Belfry Meeting - Friday, October 3rd Clive Grainger From Ellis Brigham On New Skis and Testing
By Bryce Cooper
Clive gave some valuable and excellent views on the ski industry in general, ski construction, type of use for the different terrain, and the important considerations of skis and bindings specifically for women. In Clive's opinion K2 are the still the best ski on the market.
It would appear that skiing has become more marketing driven with Companies having lost the pure essence of skiing. It would be good to remove the Ibiza on Ice attitude from more modern skiers. Ski instructors used to educate people about the mountains and make them aware of the changing conditions. Now it appears to be to teach as fast as they can. Instructors teach on shorter skis than normal to increase confidence and to look good at low speeds.
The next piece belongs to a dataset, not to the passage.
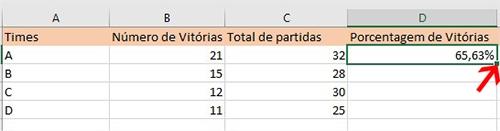 porcentagem excel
For example, look at the K2 Seth Pistol named after the ex Sex Pistol. Bright colours, decals, logos and extremely wide and long. It requires little ski ability to go into the outback. This is appealing to the novice but can be dangerous. It is full of gimmicks and aimed at the 21 year old. With studs on the front it gives off a rooster tail of snow dust. Do not ski behind someone skiing on these!
Gauging the correct height of ski for the individual has changed too. It is better to go by a person's weight rather than height. A longer ski is better for control and safety at speed and it's better to buy a ski that is one level up in ability than your current level. That way you can grow into your skis.
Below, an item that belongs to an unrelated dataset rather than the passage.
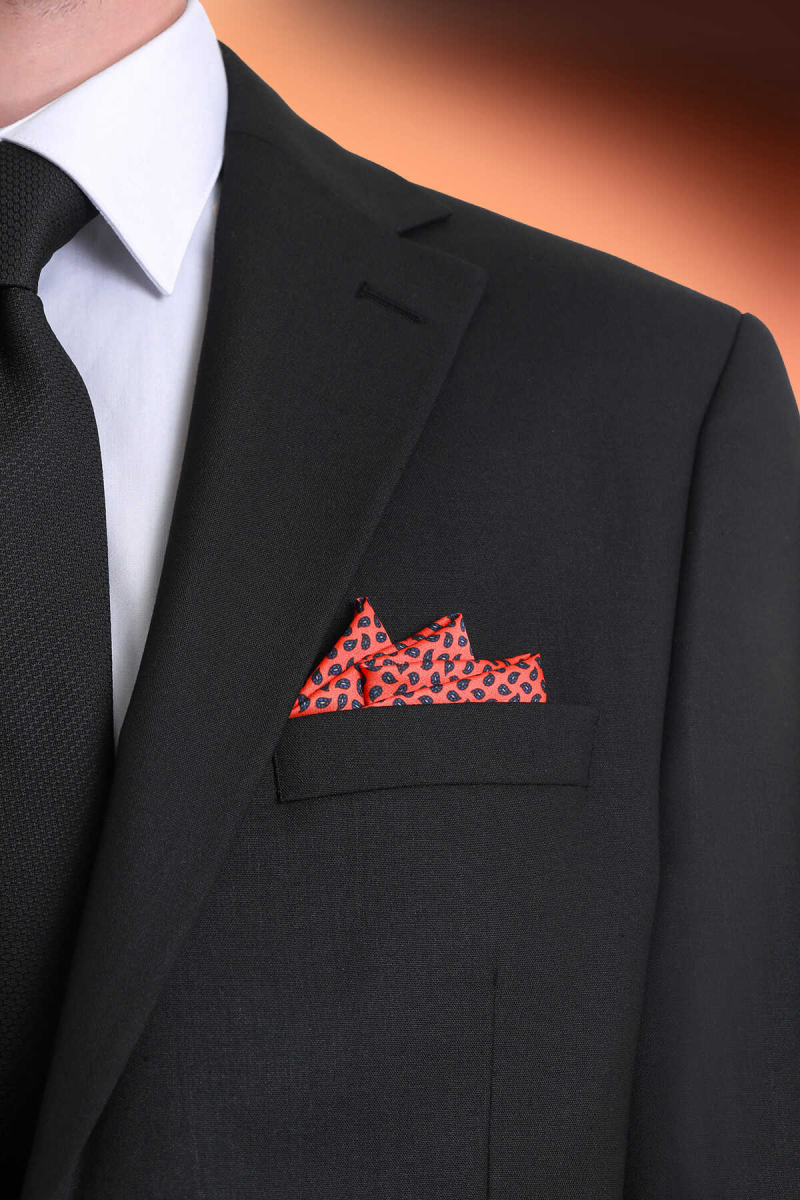 Kiremit Desenli Klasik Saten Cep Mendili - Hatem Saykı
Twin tip skis are designed to facilitate better control in the turns. Stability is greater due to an increase in the surface area of the end of the ski in contact with the snow. The back tip enables smoother curves on the turns rather than a flat end. Back tips are better to land in jumps. Wood is the best material for flex and return to original shape. With shaped skis on ice you need to flex the ski, and edge faster on ice to get a grip. If you are too light for your ski you will not grip Use a softer flex to help you keep the turn, especially on ice.
Clive continued to give us tips and discussed the merits, or otherwise, of each ski that he had brought. This proved very interesting, especially as he had personally tested many of them, or knew someone who had.
We will continue with more of Clive's specific ski revues in the next edition of the Newsletter.
A very interesting and informative evening and thanks go to Clive for his hard working heaving the skis around and putting the talk together.